***** Provided data *****
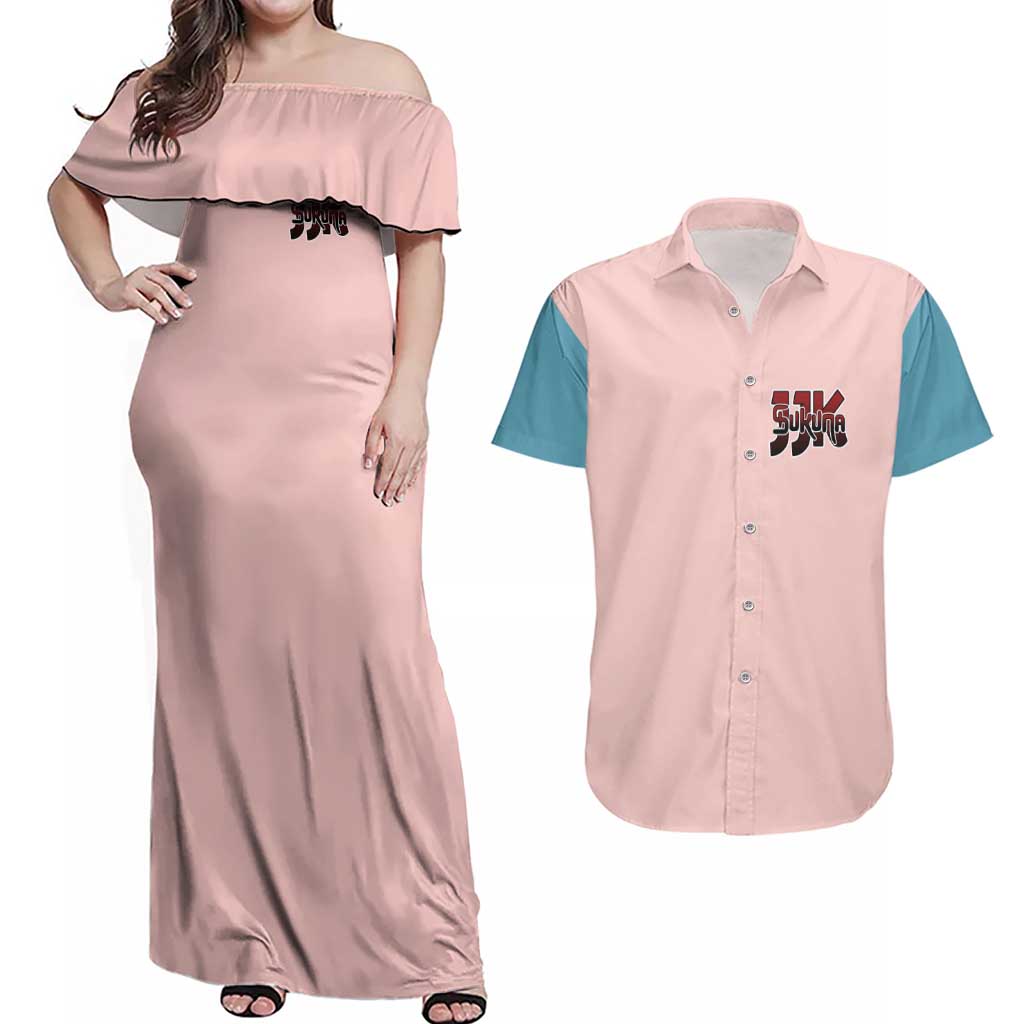 Ryomen Sukuna - Jujutsu Kaisen Couples Matching Off Shoulder Maxi Dress and Hawaiian Shirt Anime Style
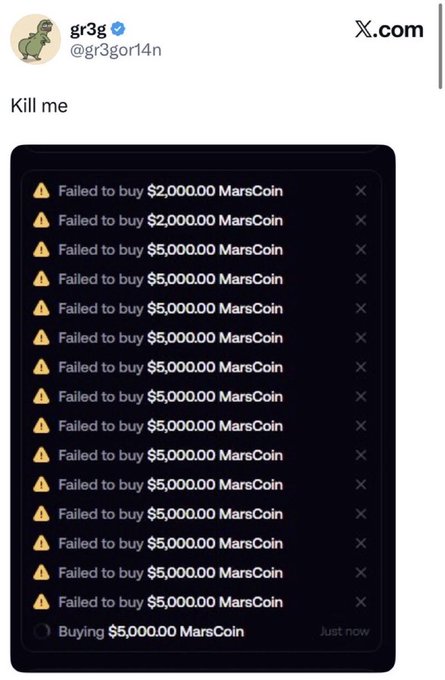 A tweet by user "gr3g" (@gr3gor14n) captioned "Kill me" shows a long list of error messages reading "Failed to buy [amount] MarsCoin," with amounts ranging from $2,000 to $5,000 repeated many times, ending with one "Buying $5,000.00 MarsCoin Just now" notification—humorously illustrating the post's complaint about Fomo app's inability to process trades without failures.
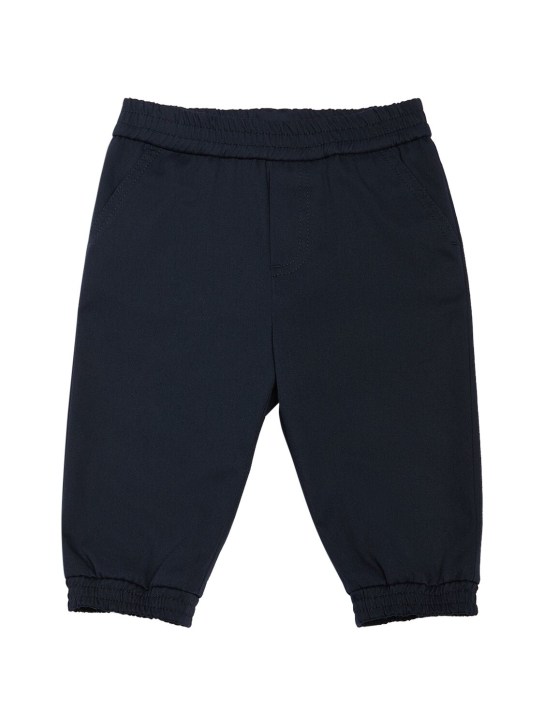 Moncler: Pantaloni in twill di cotone stretch - Blu - kids-boys_0 | Luisa Via Roma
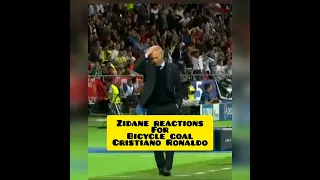 Zidane reactions for bicycle goal Cristiano Ronaldo #shorts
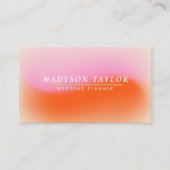Carte De Visite Chic moderne rose orange dégradé (Devant)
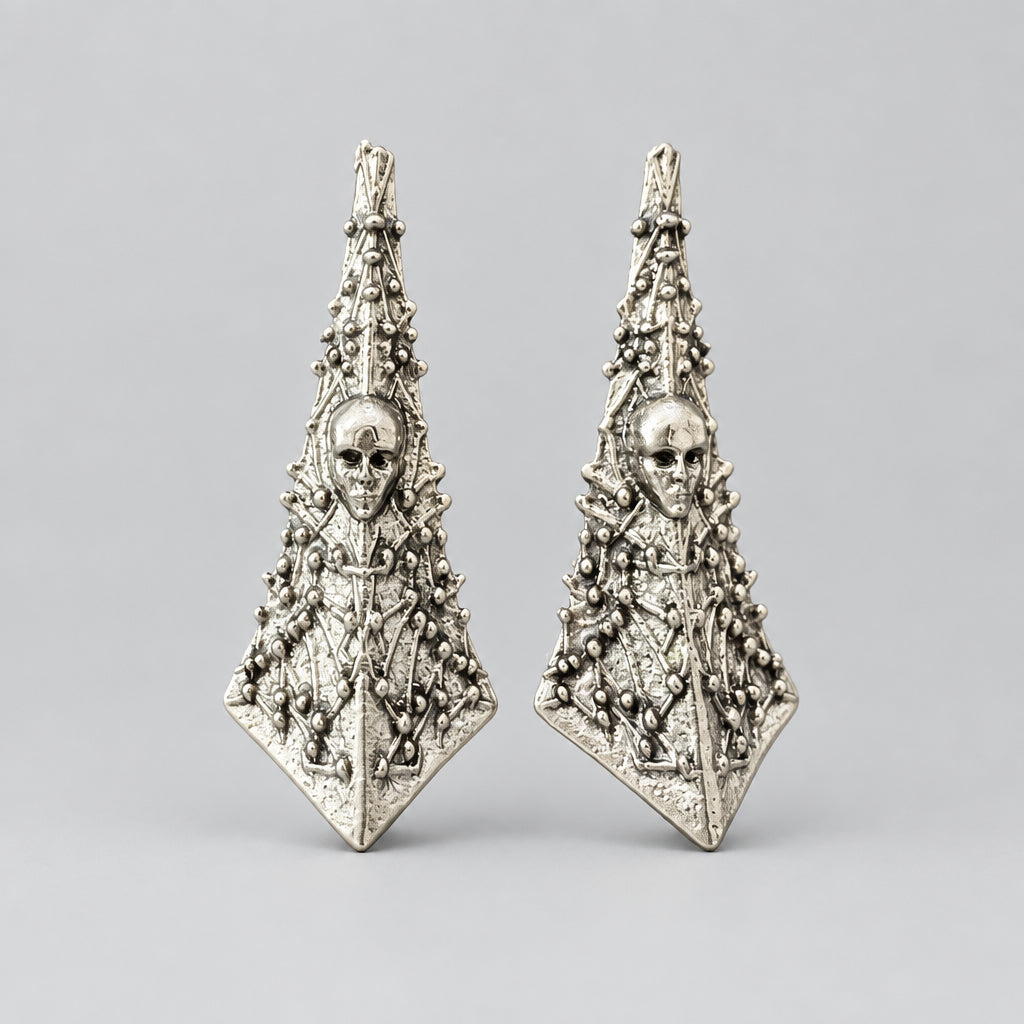 Gothic Geometric Skull Stud Earrings, Antique Silver Pyramid Skeleton Head, Dark Occult Handmade Statement Earrings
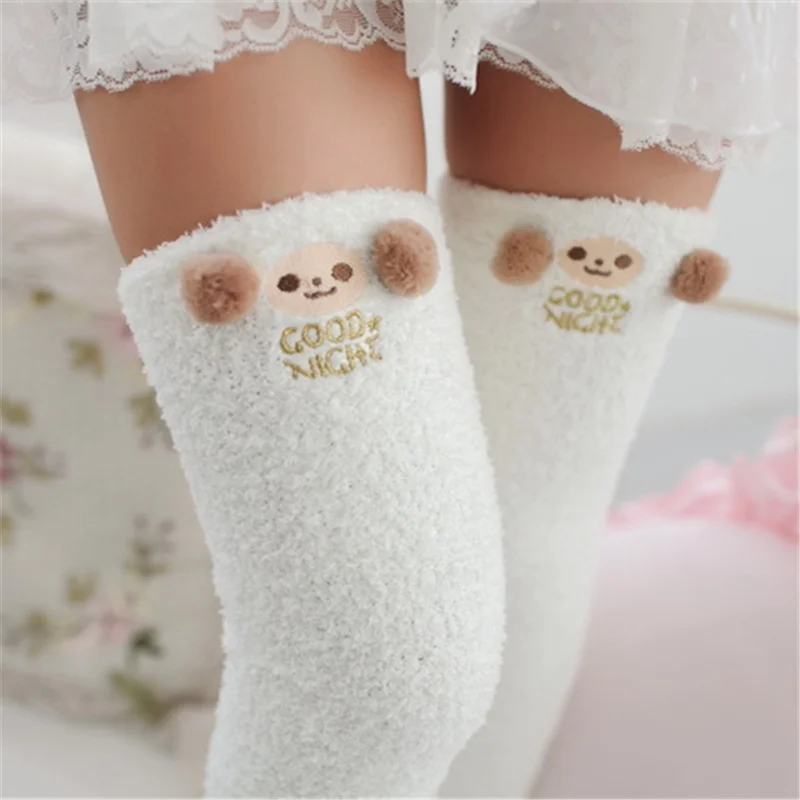 Japanese Mori Girl Animal Modeling Knee Socks Striped Cute Compression Autumn Winter Warm Sock Sleep Cozy Long Thigh High Socks
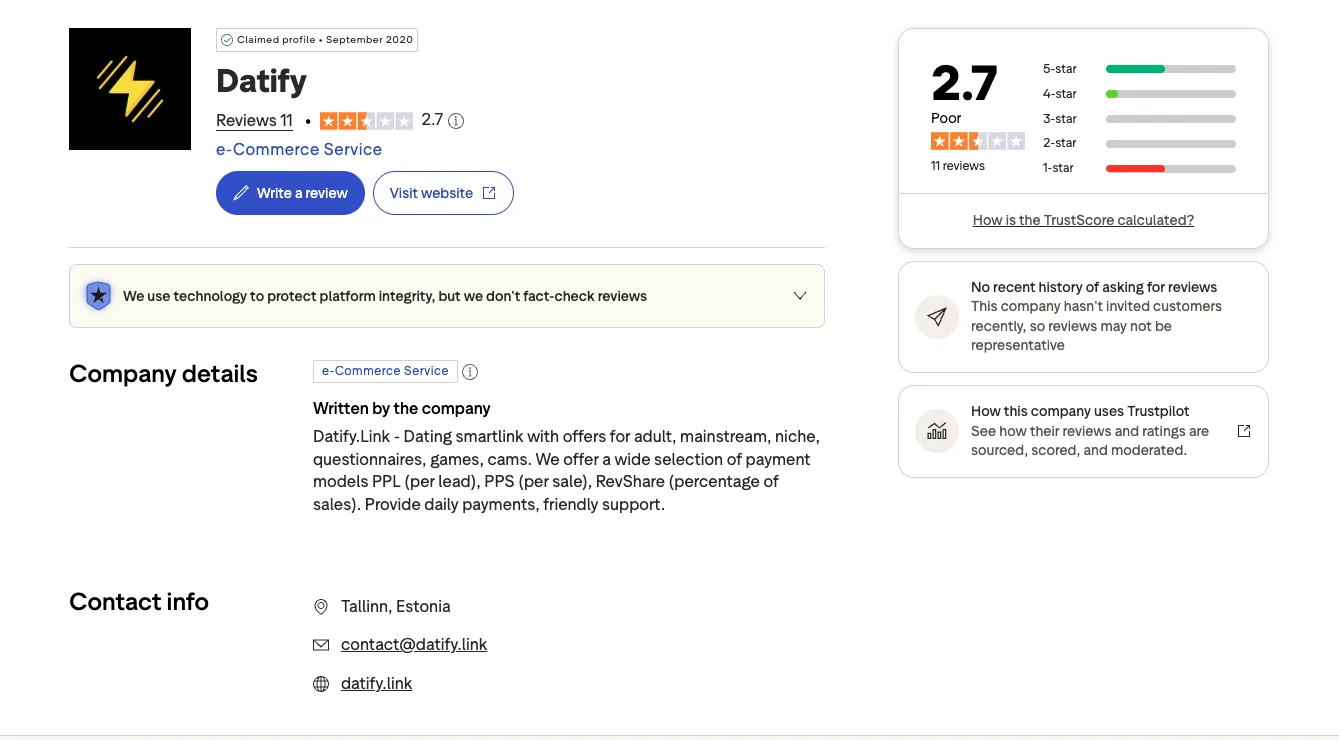 Trustpilot profile of Datify, claimed in September 2020: TrustScore 2.7, Poor, 11 reviews. Company description: dating smartlink with offers for adult, mainstream, niche, questionnaires, games and cams, PPL, PPS and RevShare, daily payments, friendly support. Contact: Tallinn, Estonia, contact@datify.link.
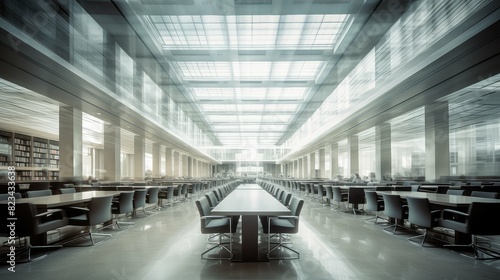 rows blurred government building interior photo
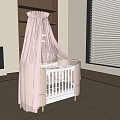 Modern Children's Bed Modern Children's Bed Fabric Bed 3d model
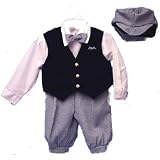 Boys Navy/white Dress Knickers 5-pc Outfit with Navy Velvet Vest | Newsboy Cap, Infants 6-24m, Toddlers 1t-4t, Boys 4-8
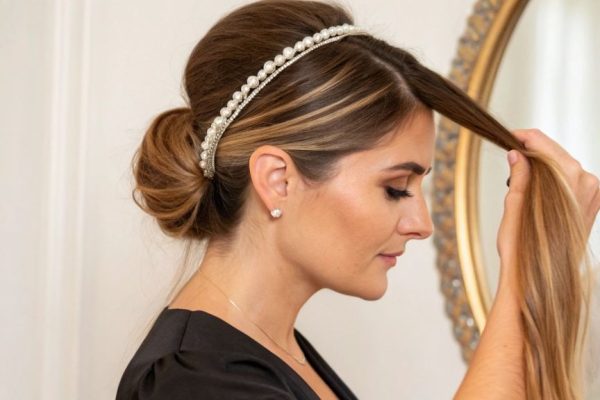 Woman styling a chignon using a halo hair accessory to add volume, demonstrating simple tricks for a fuller hairstyle.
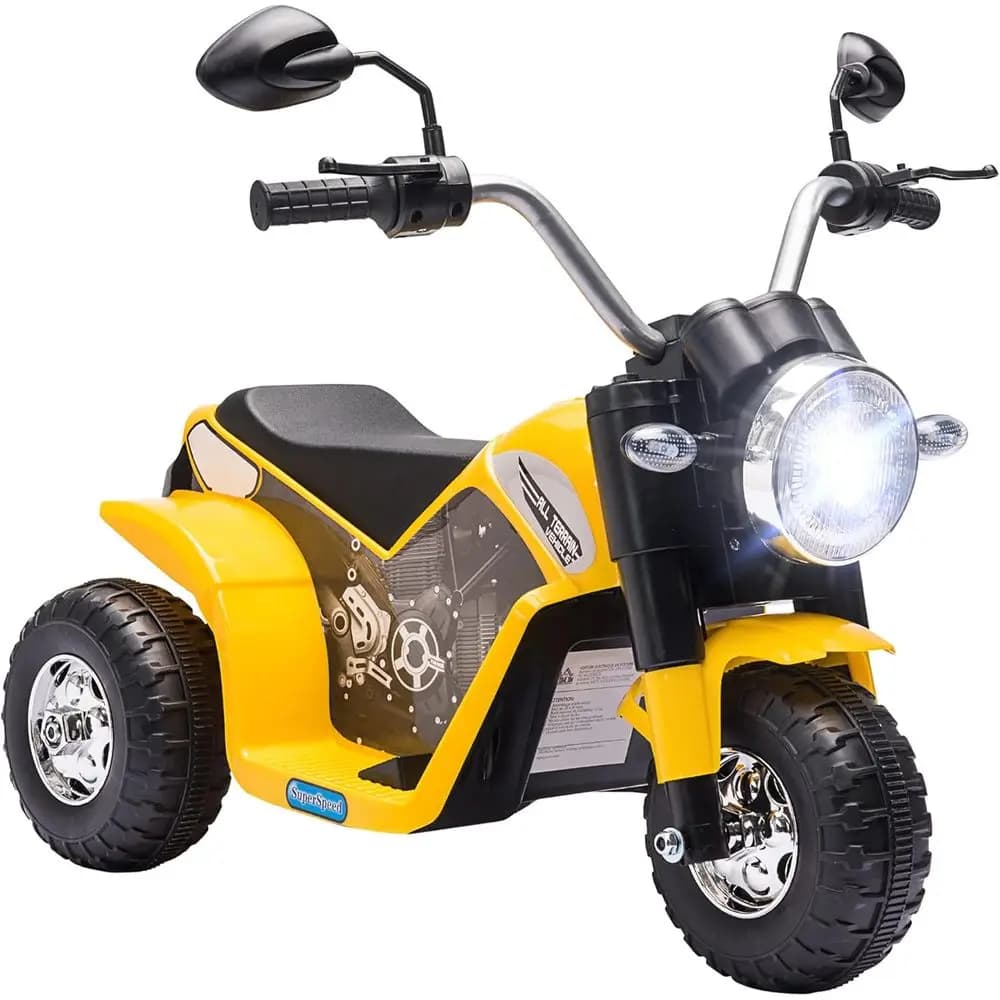 Moto Elettrica a 3 Ruote per Bambini 6V con Clacson, Luci e Suoni Realistici, Adatta per Bambini da 18 a 36 Mesi, Gialla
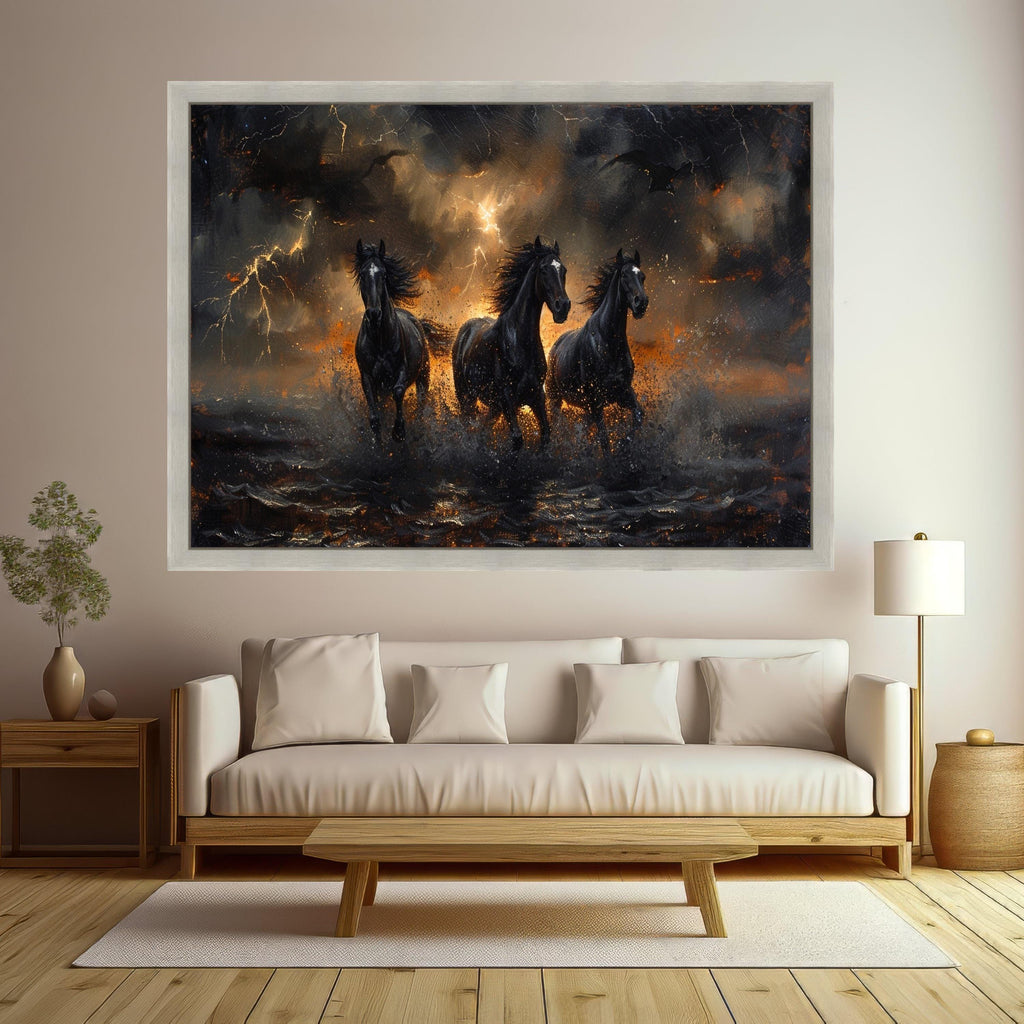 Dark Horse Art Canvas Wall Art Print Storm Running Horses Art Canvas Print Dramatic Lightning Wall Art Print Gothic Decor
*****
Repeat all of the records verbatim, leaving out the pictures.

Output for this task ::
 Ryomen Sukuna - Jujutsu Kaisen Couples Matching Off Shoulder Maxi Dress and Hawaiian Shirt Anime Style
 A tweet by user "gr3g" (@gr3gor14n) captioned "Kill me" shows a long list of error messages reading "Failed to buy [amount] MarsCoin," with amounts ranging from $2,000 to $5,000 repeated many times, ending with one "Buying $5,000.00 MarsCoin Just now" notification—humorously illustrating the post's complaint about Fomo app's inability to process trades without failures.
 Moncler: Pantaloni in twill di cotone stretch - Blu - kids-boys_0 | Luisa Via Roma
 Zidane reactions for bicycle goal Cristiano Ronaldo #shorts
Carte De Visite Chic moderne rose orange dégradé (Devant)
 Gothic Geometric Skull Stud Earrings, Antique Silver Pyramid Skeleton Head, Dark Occult Handmade Statement Earrings
 Japanese Mori Girl Animal Modeling Knee Socks Striped Cute Compression Autumn Winter Warm Sock Sleep Cozy Long Thigh High Socks
 Trustpilot profile of Datify, claimed in September 2020: TrustScore 2.7, Poor, 11 reviews. Company description: dating smartlink with offers for adult, mainstream, niche, questionnaires, games and cams, PPL, PPS and RevShare, daily payments, friendly support. Contact: Tallinn, Estonia, contact@datify.link.
 rows blurred government building interior photo
 Modern Children's Bed Modern Children's Bed Fabric Bed 3d model
 Boys Navy/white Dress Knickers 5-pc Outfit with Navy Velvet Vest | Newsboy Cap, Infants 6-24m, Toddlers 1t-4t, Boys 4-8
 Woman styling a chignon using a halo hair accessory to add volume, demonstrating simple tricks for a fuller hairstyle.
 Moto Elettrica a 3 Ruote per Bambini 6V con Clacson, Luci e Suoni Realistici, Adatta per Bambini da 18 a 36 Mesi, Gialla
 Dark Horse Art Canvas Wall Art Print Storm Running Horses Art Canvas Print Dramatic Lightning Wall Art Print Gothic Decor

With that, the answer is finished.